Fuelled by personal and ethnic rivalries, the conflict has killed tens of thousands, displaced an estimated quarter of South Sudan’s population of 12 million and ruined its economy that heavily relies on crude oil production.
“An agreement on outstanding issues has been signed and this agreement expresses the commitment of all parties to a ceasefire,” the foreign minister of neighbouring Sudan, Al-Dirdiri Mohamed said on Sudan state television.
Sudan helped broker the agreement.
Sudan’s president Omar al-Bashir said on Sunday oil would be pumped from South Sudan’s Wahda region to Sudan beginning September 1.
“I call on everyone as a leader of South Sudan that this agreement which we have signed today should be the end of the war and the conflict in our country,” said President Salva Kiir.
Past deals
Previous peace agreements held for only a matter of months before fighting resumed, which Kiir has blamed on foreign influence.

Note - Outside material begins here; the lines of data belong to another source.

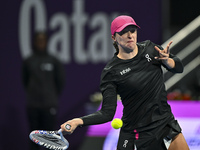 Iga Swiatek of Poland is playing in her second-round match against Sorana Cirstea of Romania at the WTA 1000-Qatar TotalEnergies Open tennis...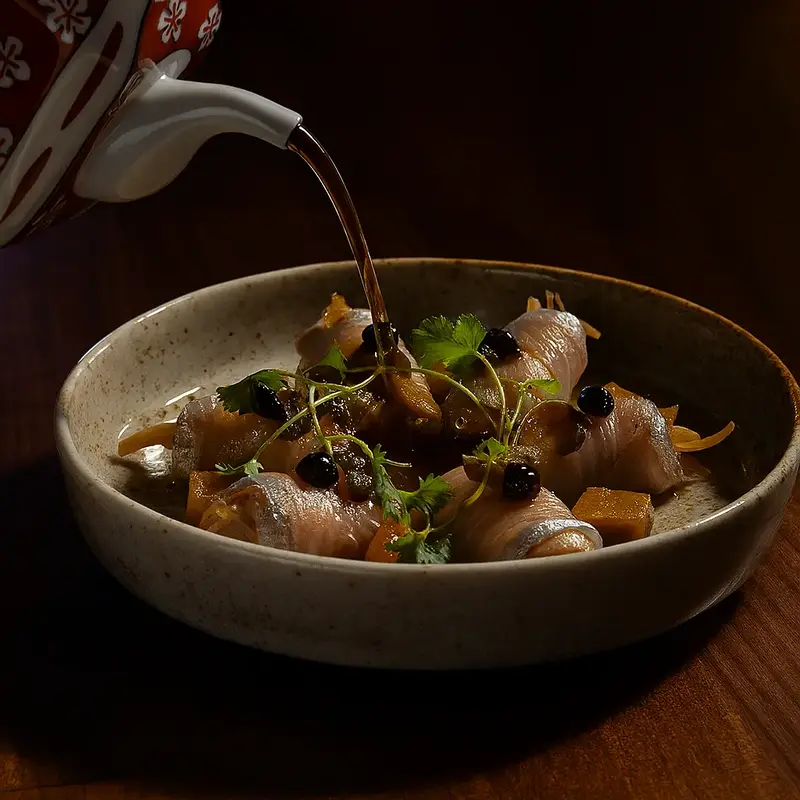Warm broth poured over a plated dish at The Naisho Room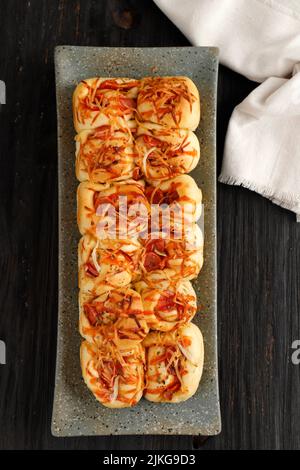 Vista dall'alto Pizza Sausage Roll tirare a parte il pane, su tavola di legno Foto Stock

“My government and I know the conflict in South Sudan has resulted in a financial and political burden,” Kiir said.
“We must accept that the internal war has no meaning and has imposed suffering on us and our families and has killed hundreds of our young men and women, destroyed our economy, and left us divided.”
Machar said, “there is no option but peace … we have to focus after this stage on implementing the agreement that if we don’t implement, we will all be failures.”
On Friday, Kiir said he believed the new peace deal between his government and the main rebel group would not collapse because it was not forced upon them like previous accords.
He urged dialogue with the United Nations Security Council on how to secure the region from threats and keep the peace.